A medida do jogador decisivo não se dá nas grandes partidas, quando a equipe apresenta o desempenho dos sonhos. Ela se dá justamente quando a situação está enroscada, com tudo ameaçando desmoronar, e determinado jogador surge armado com uma caixa de ferramentas para consertar a situação — com martelo, formão, MAÇARICO, que seja. Exatamente assim aconteceu no meio da semana no estádio Nilton Santos: nos momentos mais tensos do duríssimo duelo diante do Bragantino, Júnior Santos emergiu para ocupar todos os latifúndios e todas as frestas do campo e sentenciar que o Botafogo é, sobretudo, presente.

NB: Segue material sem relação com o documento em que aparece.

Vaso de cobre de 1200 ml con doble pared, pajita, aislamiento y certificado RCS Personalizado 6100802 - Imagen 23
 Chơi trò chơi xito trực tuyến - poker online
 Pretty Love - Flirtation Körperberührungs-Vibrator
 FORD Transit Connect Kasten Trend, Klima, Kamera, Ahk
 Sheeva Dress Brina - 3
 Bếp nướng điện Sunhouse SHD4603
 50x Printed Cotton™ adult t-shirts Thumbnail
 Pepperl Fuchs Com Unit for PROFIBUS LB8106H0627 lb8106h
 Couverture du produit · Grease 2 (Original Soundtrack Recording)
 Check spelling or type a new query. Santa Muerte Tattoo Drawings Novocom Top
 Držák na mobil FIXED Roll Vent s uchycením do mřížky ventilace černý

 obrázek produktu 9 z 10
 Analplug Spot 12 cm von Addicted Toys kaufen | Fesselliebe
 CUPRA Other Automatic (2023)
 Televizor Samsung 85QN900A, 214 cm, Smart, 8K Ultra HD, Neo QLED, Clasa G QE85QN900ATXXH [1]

Se a goleada sobre o Aurora parecia ter encerrado, de fato e de direito, o traumático ano de 2023, a difícil vitória de quarta finalmente inaugurou 2024. E o porta-voz da anunciação foi o homem que sintetizou as necessidades de um típico jogo de Libertadores. Quando o desempenho não desabrocha e a mecânica de jogo emperra, é a impetuosidade que precisa prevalecer para destrancar eliminatórias e destinos. O anjo das pernas confusas, das pernas fortes, das pernas que não cansam, e às vezes até se enroscam em seu impetuoso baile movido por som e fúria.
Quando surge alguém assim, disposto a interferir no desfecho de jogos e de multidões nestas noites de quarta-feira, é preciso que receba imediatamente títulos e distinções. Dessa forma, doravante o maior artilheiro do Botafogo na história da Libertadores deve, obrigatoriamente, ser chamado de Júnior “El Rabiscador” Santos. Foi assim, rabiscando, que as pernas que não cansam abriram o placar, após rascunhar um roteiro de caos na defesa do Bragantino. E, depois, com pinceladas riscadas pelos ares, um acrobático voleio de Maracanã, Centenário, Wembley, para marcar um gol fundamentalmente de Engenhão.
Para desmistificar assim uma noite de Libertadores, dobrando-a e colocando no bolso como uma nota surrada de dois reais, é preciso ter a sabedoria de que os verdadeiros mata-matas são outros, como aqueles travados desde cedo no Recôncavo Baiano. Como perder a mãe ainda criança, passar a juventude trabalhando como servente de pedreiro, jogar na várzea valendo uma refeição e, ainda assim, sem categoria de base, tornar-se profissional aos 22 anos. As pernas fortes, que não cansam e às vezes até se atrapalham, talvez porque muito já tenham caminhado, há tempos superam distâncias mais exigentes do que os cem metros de gramado. De Berimbau às terras cariocas, Júnior Santos não é apenas personagem e protagonista botafoguense: é uma representação fundamentalmente brasileira.